Roger, it’s difficult to answer; certainly thinking of the gasoline situation is a combination of yield, which we certainly expect to be in the max distillate mode. The other thing I’d refer to is just what the utilization rate and the refining capacity is, and whether that 20-year high that we saw last year is sustainable.
Operator
Our next question comes from Jason Gabelman with Cowen. Your line is open.
Hey, guys. Congrats on the quarter. Just a couple of questions. A follow-up on the comments about running the FCCs, just to maximize alky production. The inputs into the FCCs, are those able to be blended into the marine fuel pool, or is there from a technical standpoint, an issue with meeting marine fuel specs, if you try to blend that backing gas oil into the marine pool?
Hey, Jason. This is Lane. So, yes, the fees, particularly the marginal fee which is low sulfur VGO into these FCCs will fit into the half-a-way percent fuel oil market.
Okay, great. And there's not an issue with any of the other specs outside of meeting the sulfur spec?
We've done a lot of work on blends to ensure compatibility. The specifications aren't very strict, mostly focusing on the sulfur levels. The key is to ensure that any adjustments made to the blend promote compatibility. I'm quite confident that the industry will address these challenges effectively. While there might be some issues, we have collaborated with various stakeholders to refine our blends accordingly. This is essentially the only concern we anticipate.

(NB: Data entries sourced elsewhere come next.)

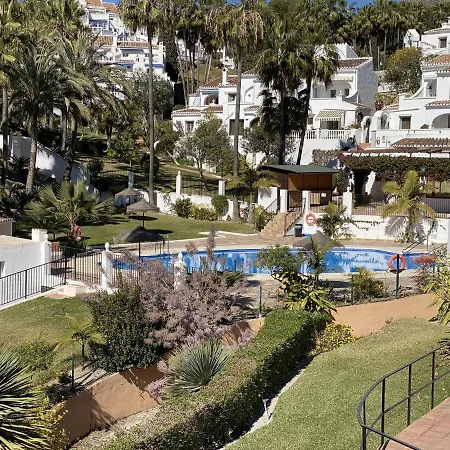 شقة Oasis De Capistrano Rabat 27 Casasol *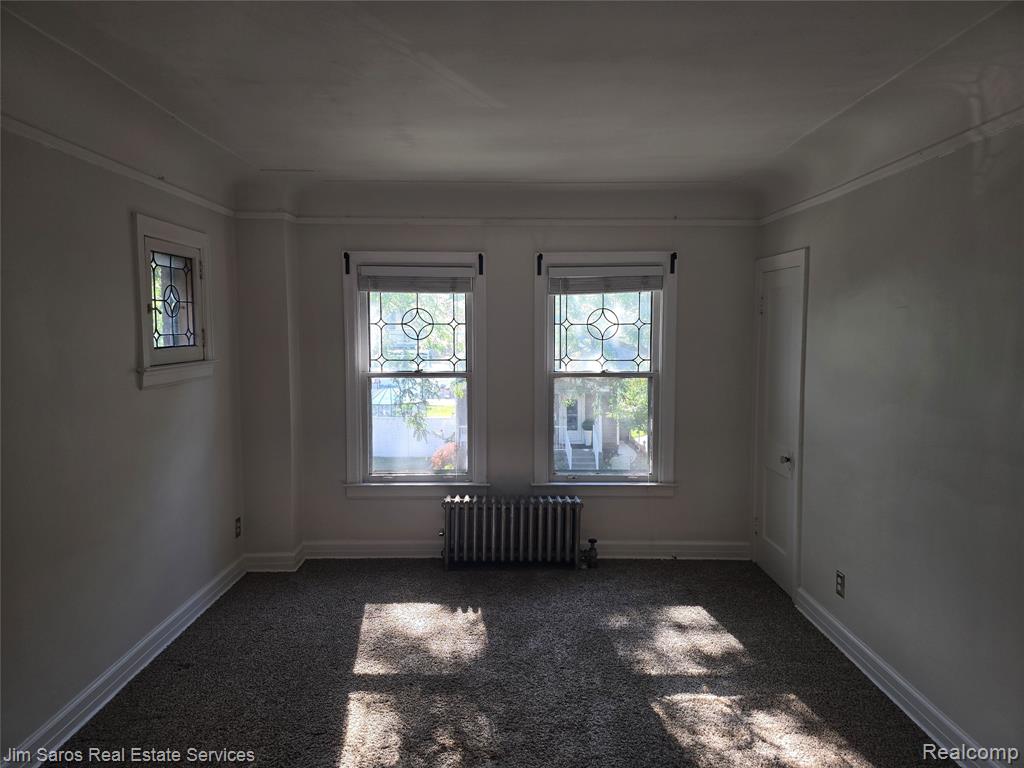 920 Beaconsfield 2S, Grosse Pointe Park, MI 48230 — Photo 3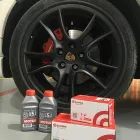 La imagen 38 de la Empresa JDM BOX TALLER MECÁNICO TERRASSA Talleres Mecánicos en Terrassa B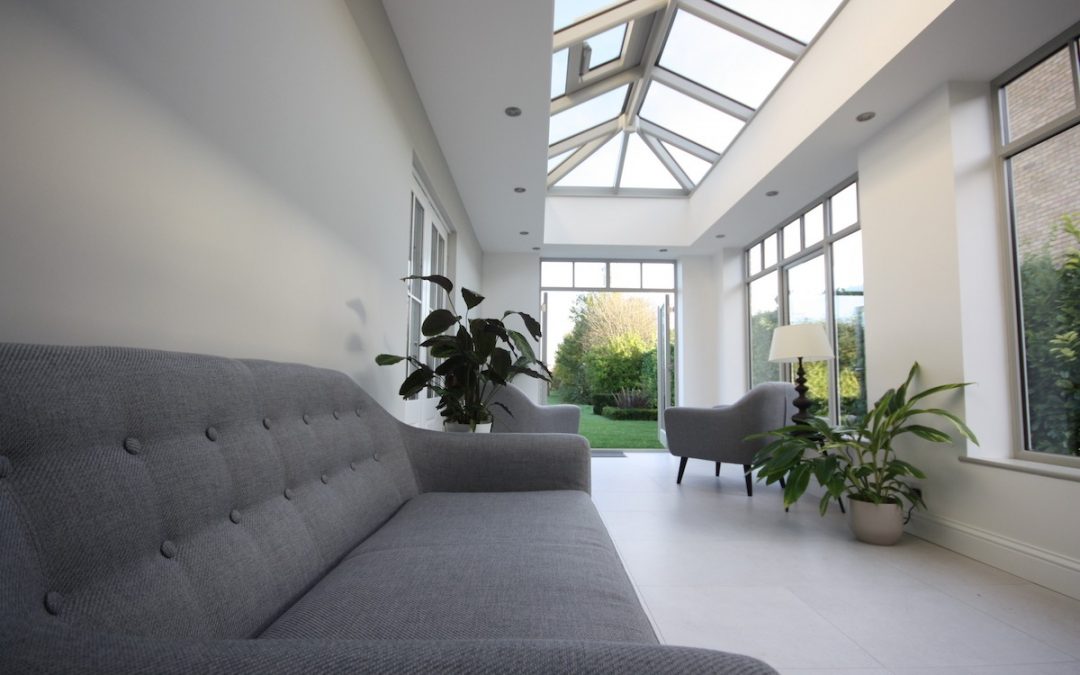 What is a Roof Lantern and Why Might You Want One?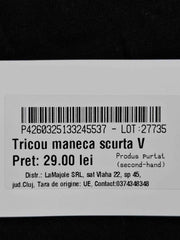 Tricou Chicorée Femei - S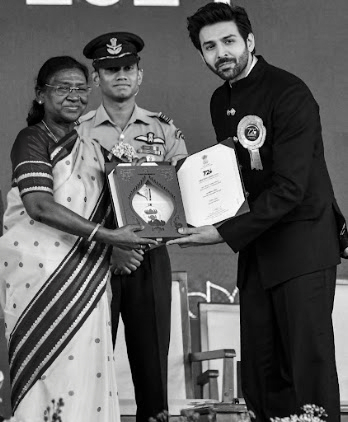 72nd National Film Awards: Anant Nag Gets Dadasaheb Phalke Honour, Yami, Mammootty Shine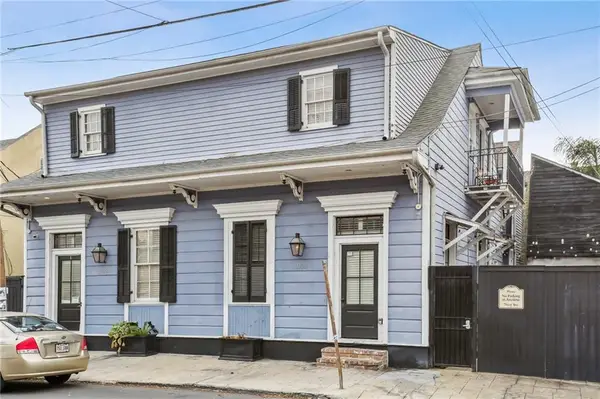 1030 Kerlerec Street #4, New Orleans, LA 70116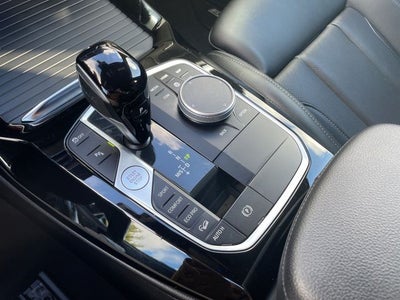 2023 BMW X3 M40i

And just looking more near term, obviously 4Q benefited from some better capture than anticipated and trying to figure out if that could continue into the first quarter. One area I think where there could be some upside is on the butane blending. It looks like butane prices have fallen pretty hard against where gasoline prices are. Do you expect that to support capture rates in the first quarter relative to its support in prior first quarters?
Yes. We see the spread. But, it's not a real meaningful contribution to our overall earnings for the quarter.
Operator
Thank you. This concludes the question-and-answer session. I would like to turn the call back over to Homer Bhullar for closing remarks.
Thanks, Shannon. We appreciate everyone joining us. Please feel free to contact the IR team if you have any additional questions. Thank you.
Operator
Ladies and gentlemen, this concludes today's conference. Thank you for your participation. Have a wonderful day.